Ces Banques centrales ont fait fonctionner la planche à billets afin d’acheter, sur le marché secondaire, les obligations d’Etat (principalement). L’objectif est, ainsi, de faire baisser le coût du crédit : les taux d’intérêt. D’où l’apparition (surprenante) de rendements négatifs : l’Etat allemand emprunte aujourd’hui sur 10 ans à environ -0,60%, l’Etat français à -0,30%, etc. Il s’agit tout simplement d’une politique de relance de la demande via l’outil monétaire. Avec des taux hypothécaires bas (autour de 1,5% dans la zone euro), les ménages peuvent emprunter pour acheter leurs résidences immobilières (boost pour le secteur du bâtiment), les entreprises à investir et les Etats à se refinancer à bon marché. Pour le moment, les marchés ne réagissent pas négativement, l’inflation ne bouge pas, idem pour les taux de change, etc.

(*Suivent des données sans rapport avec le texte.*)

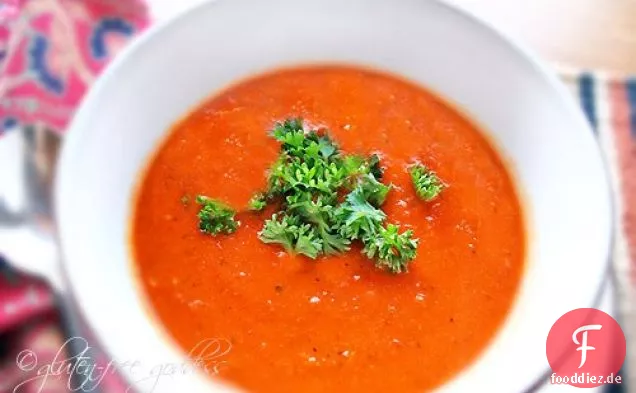 Gebratene Tomatensuppe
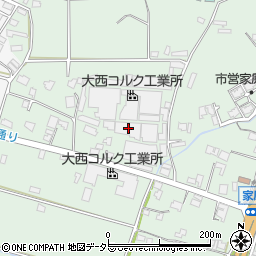 兵庫県加東市家原612周辺の地図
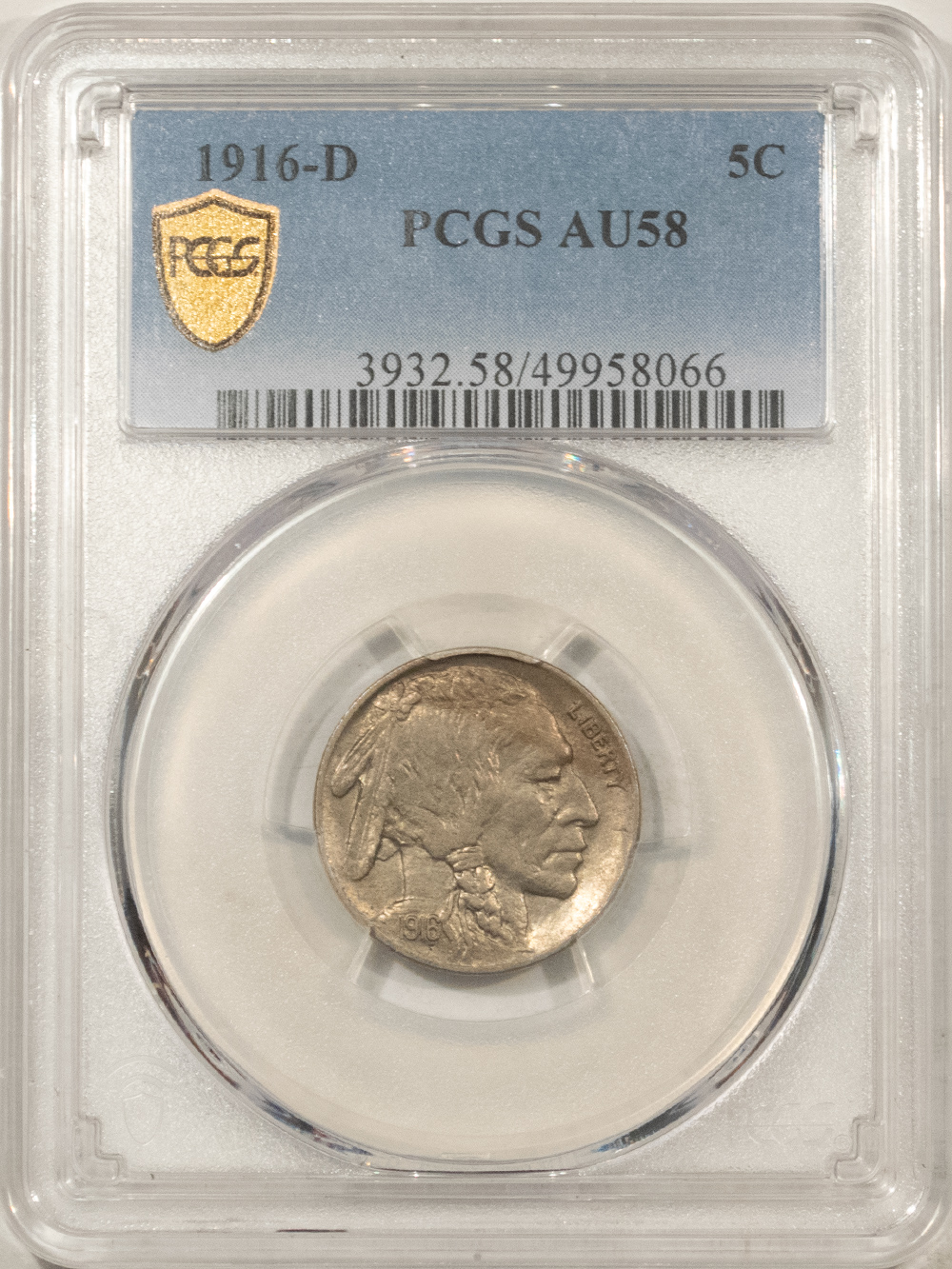 Buffalo Nickels 1916-D BUFFALO NICKEL – PCGS AU-58 Buffalo Nickels 1916-D BUFFALO NICKEL – PCGS AU-58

Dans le cas de l’Algérie, la conjoncture n’est pas du tout la même ; si on essaie, par exemple, de booster le secteur du bâtiment, on va devoir importer les inputs nécessaires. Depuis 2015, le déficit commercial est d’au moins 20 milliards de dollars/an. Pour contrer ce déséquilibre, la solution ne peut être une relance de la demande (via la relance monétaire), mais l’inverse. La planche à billets de la Banque d’Algérie (financement des déficits budgétaires) correspond à une relance de la demande intérieure (principalement la consommation des ménages) qui va agir sur les importations. D’ailleurs, malgré la forte dépréciation du dinars (60% par rapport au dollar entre 2014 et aujourd’hui), le déficit commercial n’a quasiment pas bougé (une moyenne de 20 milliards de dollars/an). A quoi est due cette anomalie (dépréciation importante de la monnaie sans impact sur la balance courante) ? La masse monétaire est passée de 13 000 milliards de dinars à 17 000 milliards de dinars (+30 %) ! Ce que vous enlevez d’un côté (dépréciation du dinar), vous le remettez de l’autre (masse monétaire, conséquence de la planche à billets). Et comme la monnaie nationale ne joue pas son rôle de réserve de valeur (conséquence de l’inflation), on n’a pas intérêt à épargner : on dépense (consomme), donc on importe une bonne partie du montant consommé.
Les politiques suivies ne répondent à aucune logique... la relance de la demande intérieure devrait logiquement redynamiser l’entreprise et la production. Dans notre cas, cela va relancer l’importation. Dans quelque temps, il n’y aura plus de devises ; comment va-t-on faire ?
Notre cas n’est pas contraire à la logique économique, il faut juste ne pas se tromper de diagnostic. Contrairement aux économies avancées qui font face à une crise de demande, d’où l’intérêt d’une relance de la demande (budgétaire et/ou monétaire), l’économie algérienne souffre d’une crise d’offre (appareil de production défaillant), associée à une mauvaise politique économique conjoncturelle (les deux sont liées). Quand vous avez une économie qui dépend du prix d’une matière première (ressources fiscales, ressources en devises), dès que les prix baissent, vous avez notamment et mécaniquement un déficit budgétaire qui se creuse. Si ce dernier est financé par la création monétaire (planche à billets), vous entrez dans un cercle vicieux (dévaluations récurrentes, inflation…). L’économie a besoin d’une «monnaie stable». Cette dernière incitera le consommateur à épargner, car elle jouera son rôle de réserve de valeur (bon pour le crédit intérieur et le solde courant), l’investisseur local à se lancer en affaires (création de richesse économique, de valeur ajoutée) et rassurera l’Investisseur étranger (IDE). Bien que le problème soit plus global, sur le plan macroéconomique, il faut se fixer comme principal objectif la stabilité de la monnaie. Pour y arriver, il faut impérativement en finir avec les déficits budgétaires abyssaux. En conclusion, pour encourager la production locale et donc agir sur la balance commerciale, la solution n’est pas une politique de relance de la demande. Il faut, au contraire et a minima, une monnaie stable et pour atteindre cet objectif, cela passe par une politique économique (budgétaire & monétaire) rigoureuse (déficit maîtrisé, voire nul ; abolition de la planche à billet).